**What is being asked**
Repeat exactly, and only, the lines from the line bearing "Zhuji Men's Deodorant" through the end of the material. Do not copy the pictures.

**Available data**
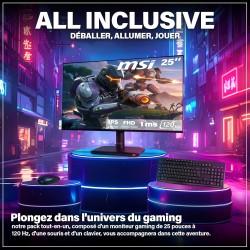 PC Gaming - Kit Complet avec AMD Ryzen 7 5700G | Vega 8 | 32 Go DDR4 RAM | SSD 1 to | Watercooling | Moniteur/Ecran 25 Pouces | 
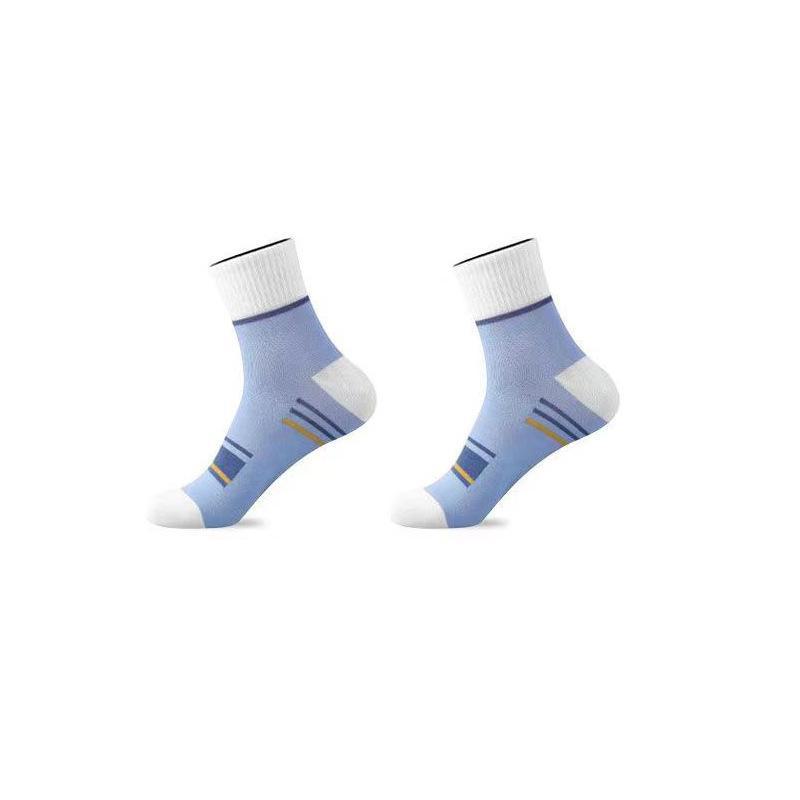 Zhuji Men's Deodorant Sweat-Absorbent High-Elastic Sports Socks - Trendy, Anti-Pilling, All-Season Mid-Tube Design.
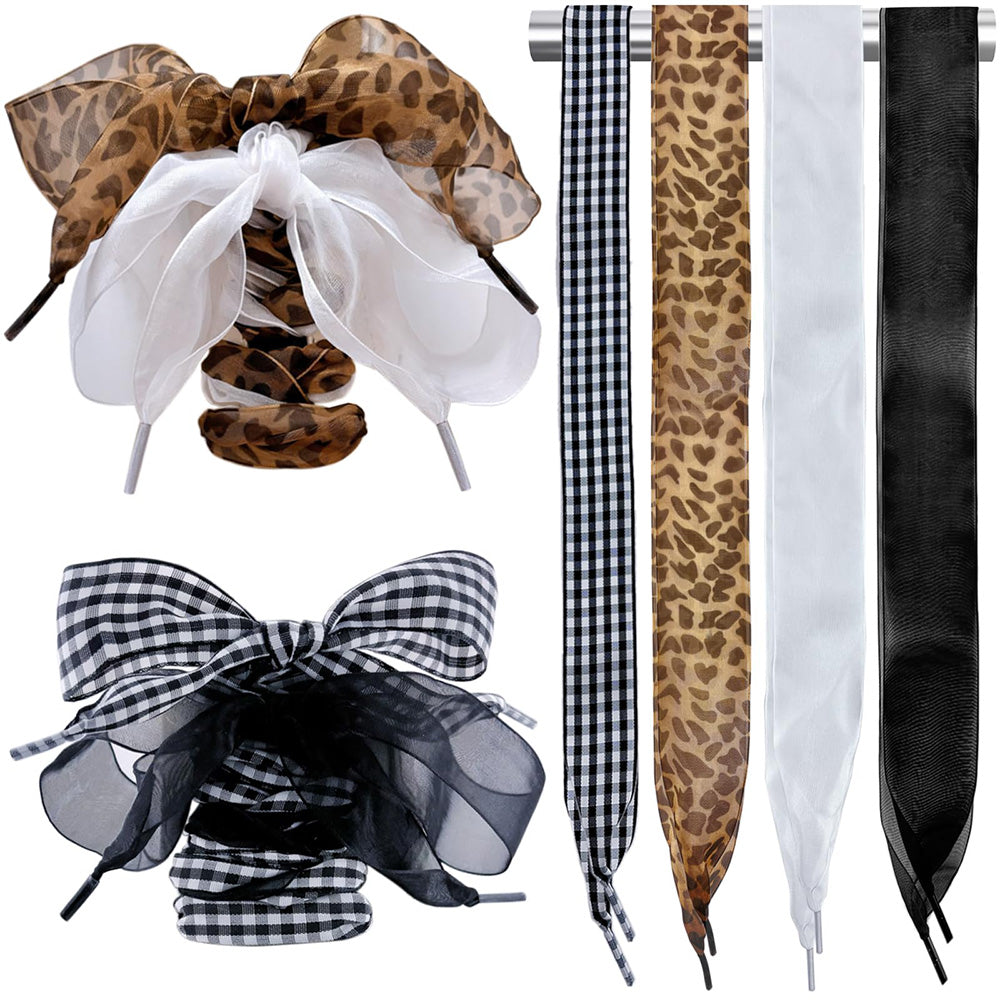 6 Pairs Wide Satin Ribbon Replacement Shoelaces for Sneakers Boots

**Exercise response**
 Zhuji Men's Deodorant Sweat-Absorbent High-Elastic Sports Socks - Trendy, Anti-Pilling, All-Season Mid-Tube Design.
 6 Pairs Wide Satin Ribbon Replacement Shoelaces for Sneakers Boots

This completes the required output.